=== Supplied information ===
____
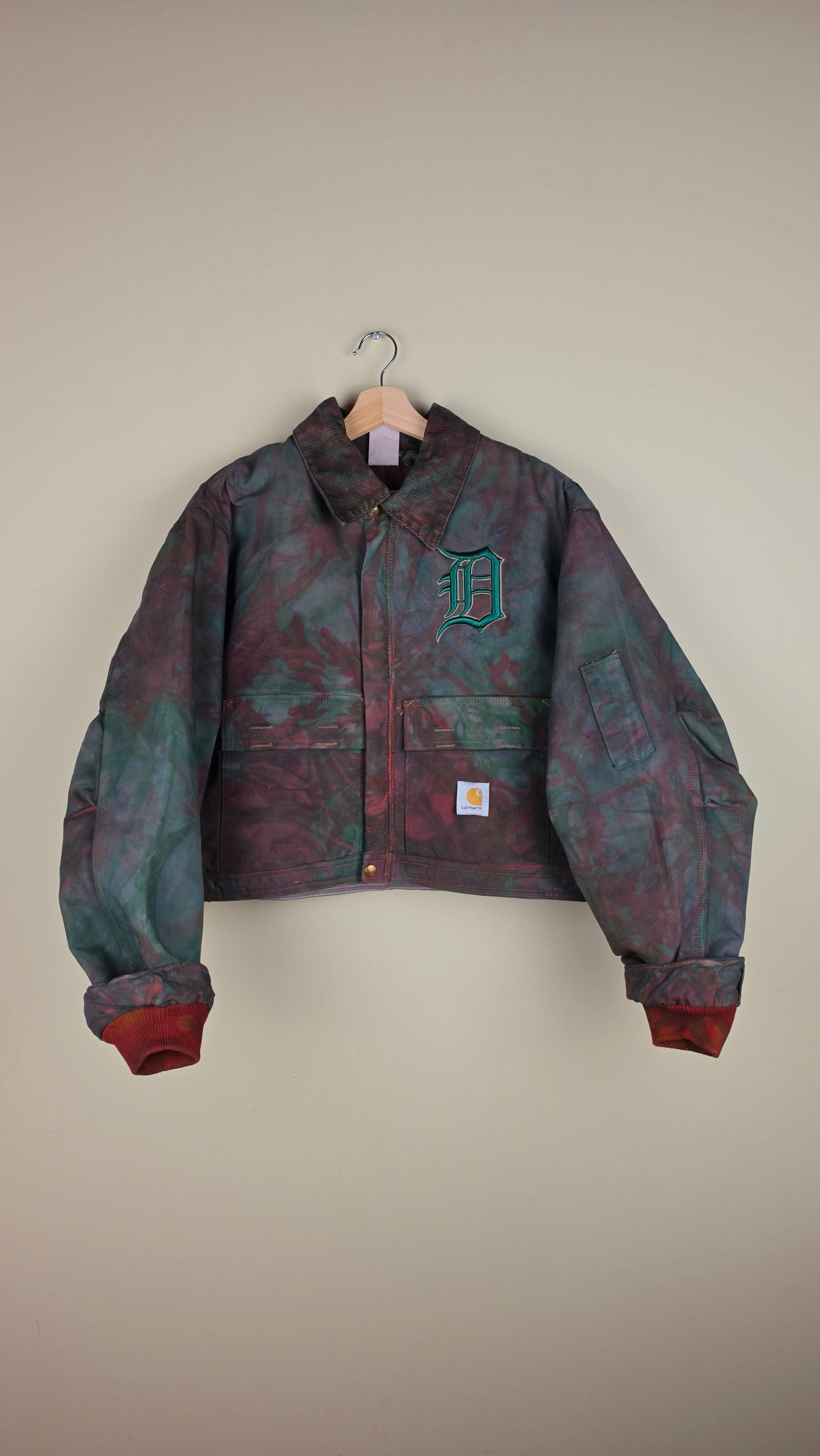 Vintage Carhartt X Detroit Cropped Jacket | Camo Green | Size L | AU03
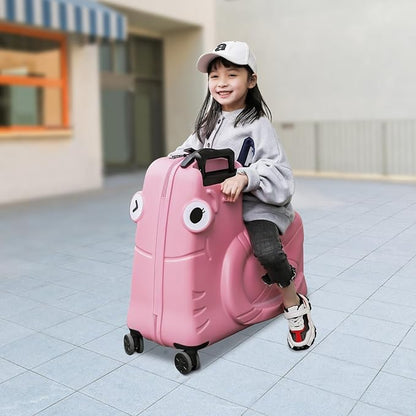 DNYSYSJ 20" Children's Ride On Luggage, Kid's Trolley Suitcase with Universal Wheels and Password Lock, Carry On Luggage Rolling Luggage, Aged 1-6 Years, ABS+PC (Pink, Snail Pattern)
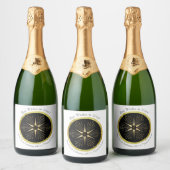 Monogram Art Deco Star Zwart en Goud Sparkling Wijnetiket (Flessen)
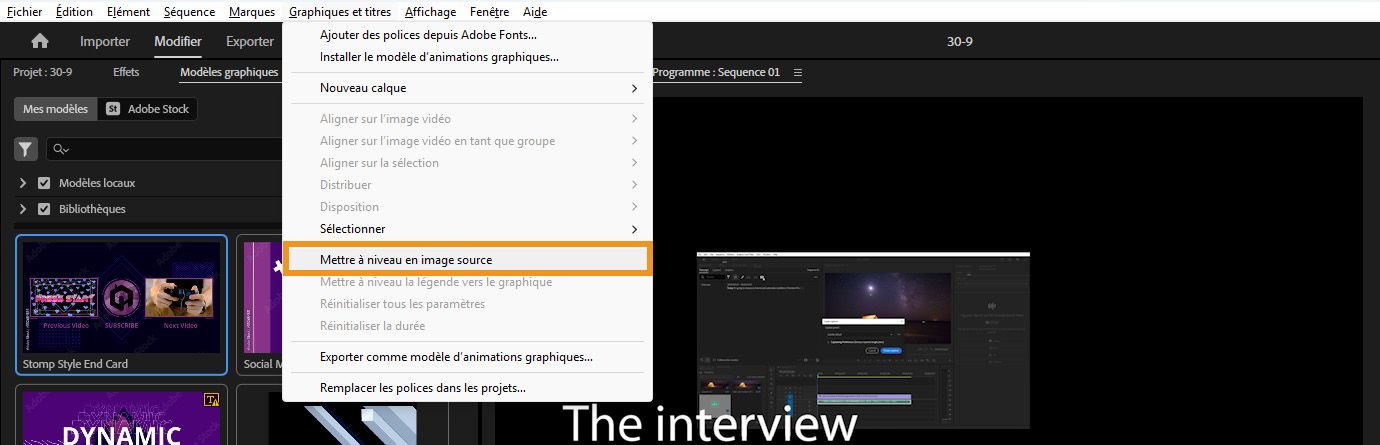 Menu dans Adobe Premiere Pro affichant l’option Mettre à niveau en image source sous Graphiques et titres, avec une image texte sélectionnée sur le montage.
____
The required output is the listing above reproduced exactly, pictures removed.

 Vintage Carhartt X Detroit Cropped Jacket | Camo Green | Size L | AU03
 DNYSYSJ 20" Children's Ride On Luggage, Kid's Trolley Suitcase with Universal Wheels and Password Lock, Carry On Luggage Rolling Luggage, Aged 1-6 Years, ABS+PC (Pink, Snail Pattern)
 Monogram Art Deco Star Zwart en Goud Sparkling Wijnetiket (Flessen)
 Menu dans Adobe Premiere Pro affichant l’option Mettre à niveau en image source sous Graphiques et titres, avec une image texte sélectionnée sur le montage.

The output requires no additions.